#### Problem to solve:
Among the lines below, the one containing "Motoreduktor / przekładnia" opens the range and the one containing "フォーレスト池場の居間・リビング" closes it. Print that range exactly, without the pictures.

#### Information supplied:
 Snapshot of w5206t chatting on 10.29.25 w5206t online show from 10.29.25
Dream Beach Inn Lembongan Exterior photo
==
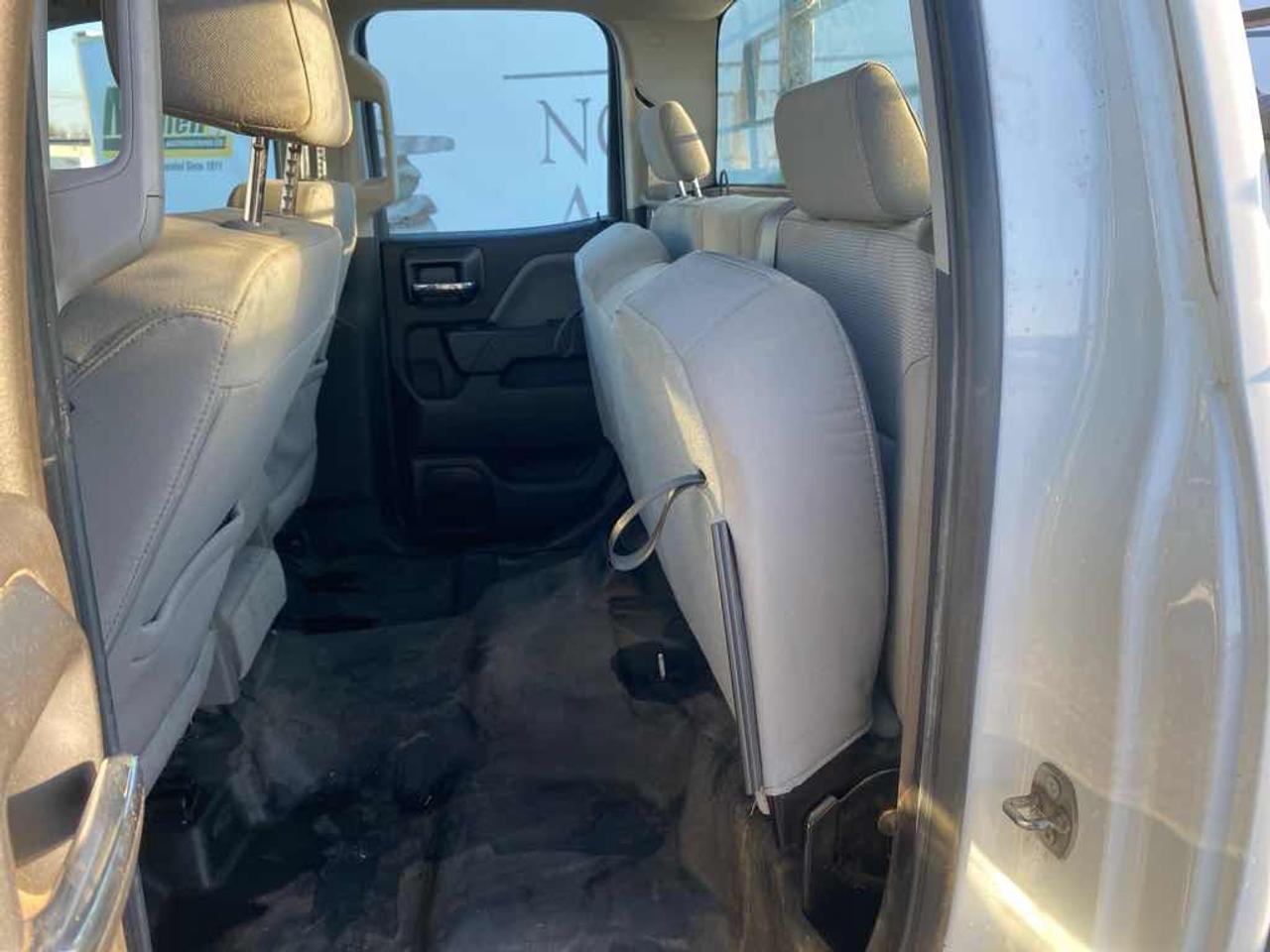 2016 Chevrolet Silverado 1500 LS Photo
* * *
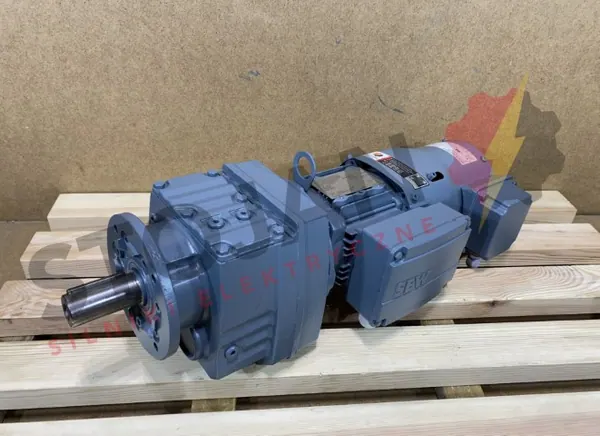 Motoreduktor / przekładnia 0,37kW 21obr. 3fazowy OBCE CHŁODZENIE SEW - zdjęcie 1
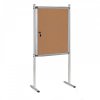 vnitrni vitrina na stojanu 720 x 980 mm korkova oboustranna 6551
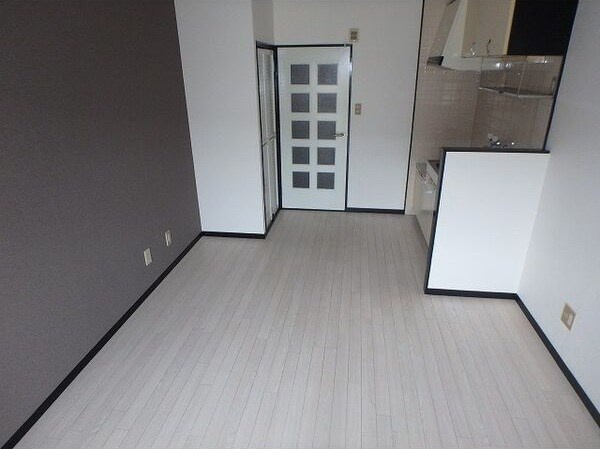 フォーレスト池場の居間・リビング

#### Your response:
 Motoreduktor / przekładnia 0,37kW 21obr. 3fazowy OBCE CHŁODZENIE SEW - zdjęcie 1
 vnitrni vitrina na stojanu 720 x 980 mm korkova oboustranna 6551
 フォーレスト池場の居間・リビング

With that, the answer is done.